Est-ce un effet des choix politiques concernant l’accueil des migrants en Allemagne (1,1 million en 2015, soit 3 000 à 4 000 arrivants par jour), mais le pouvoir central, ô combien personnifié par Angela Merkel, semble un peu sous tension en ce moment. Cette vibration affecte également les questions agricoles.
Tout d’abord, le pouvoir central – fédéral – doit tenir compte des pouvoirs régionaux – des Länder –, qui commencent à donner de la voix. Les ministres des Länder, car en Allemagne chaque Land a son propre gouvernement et ses ministres, se sont réunis en avril et se sont prononcés pour une régulation du marché du lait.
Si, si, régulation. Angela Merkel, à la surprise générale, car les questions agricoles ne sont pas au cœur de ses préoccupations, a embrayé et annoncé un plan d’aides le 10 mai. Pas de vraie régulation mais un plan d’aides tout de même, avec des mesures assez classiques, du genre année blanche pour les remboursements de prêts, allégement des cotisations sociales... Dans la foulée, le ministre de l’Agriculture, le Bavarois Christian Schmidt, a annoncé un sommet laitier avec producteurs, laiteries et distribution, prévu pour le 30 mai, en présence des ministres des Länder. La régulation sera au menu.

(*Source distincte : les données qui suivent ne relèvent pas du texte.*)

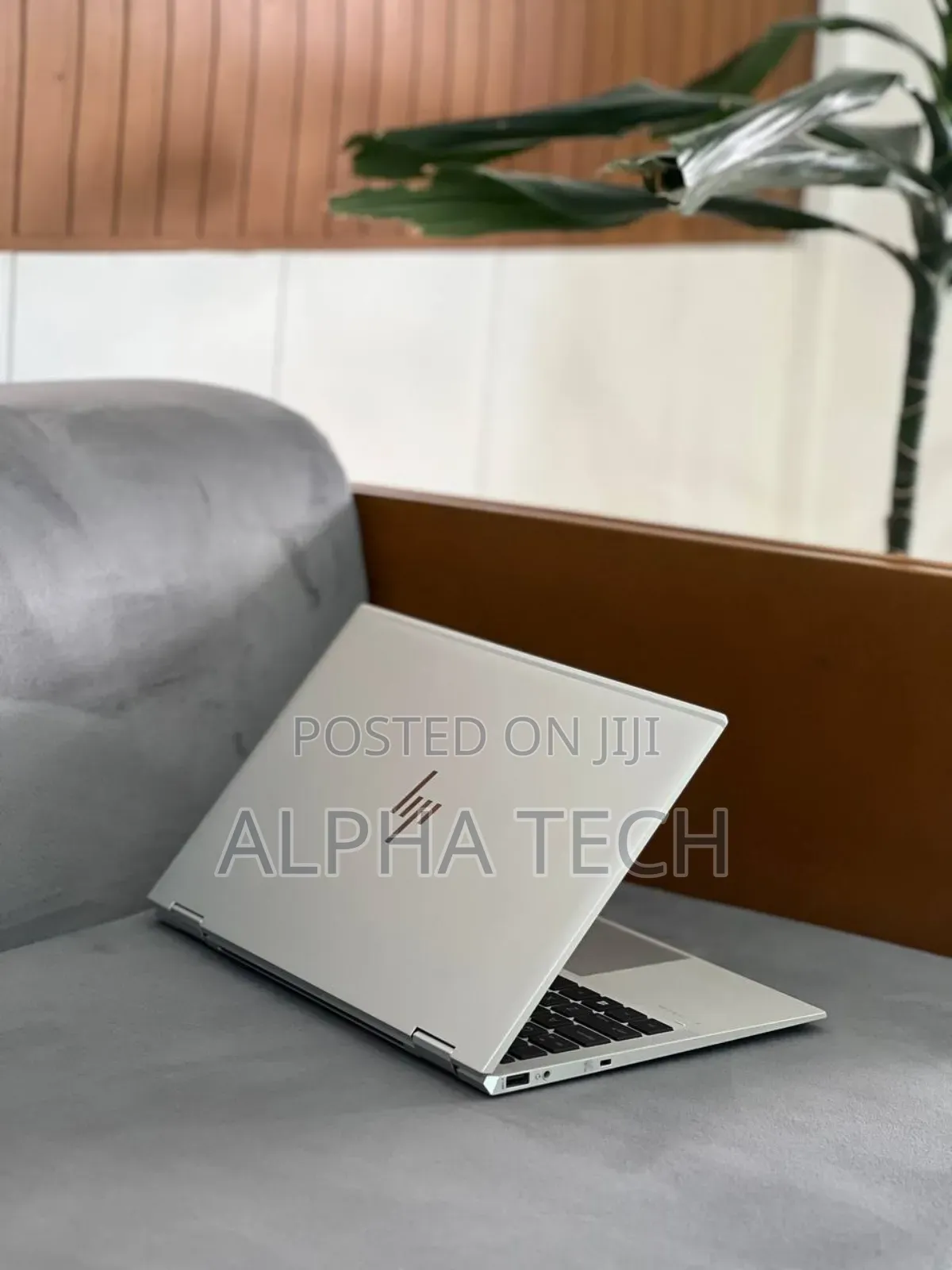 New Laptop HP EliteBook X360 1040 G7 16GB Intel Core I7 SSD 512GB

Ensuite, ça tangue aussi au sein de la coalition gouvernementale. Angela Merkel donne un remarquable sentiment de force et d’unité. Mais il faut rappeler qu’elle dirige un gouvernement de coalition. Avec le centre droit, lui-même composé de la CDU (démocrates chrétiens) et de la CSU (idem, mais version bavaroise) et le centre gauche du SPD, parti social-démocrate). Tout allait bien jusque-là. La cogestion à l’allemande réussissait à merveille. Mais une querelle intragouvernementale vient perturber l’atmosphère. Les ministres du SPD ont annoncé qu’ils n’approuveraient pas la prolongation de l’autorisation d’utilisation du glyphosate. Christian Schmidt a dénoncé cette obstruction, de telle sorte que personne ne sait comment l’Allemagne va voter dans les réunions ministérielles à Bruxelles.
Un flou qui n’a rien d’artistique et qui est bien embarrassant pour la Commission européenne, pour qui la position allemande pèse d’un poids incomparable dans les rouages institutionnels.

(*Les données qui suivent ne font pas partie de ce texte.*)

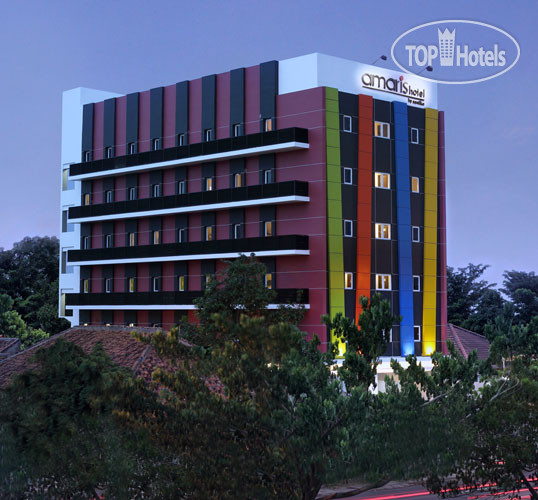 Hotelier's photos Amaris Hotel Mangga Besar 2*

Ça va, vous suivez toujours ? Alors encore une petite couche. L’agriculture n’est pas du tout traitée comme en France. Ici, une manifestation ou un barrage fait la une de BFM TV. Outre-Rhin, la population est plutôt indifférente. L’Allemand raisonne en consommateur. Les prix baissent ? Tant mieux. De 30 % (baisse annoncée par les grandes surfaces pour 2016) ? Encore mieux ! Et puis, l’argument qui tue : les producteurs, en décidant d’augmenter leur production, sont les premiers responsables de la baisse des prix. Pas question de les aider.
Pas facile d’être aux manettes devant tant de pressions contradictoires. C’est presque aussi difficile que la loi travail.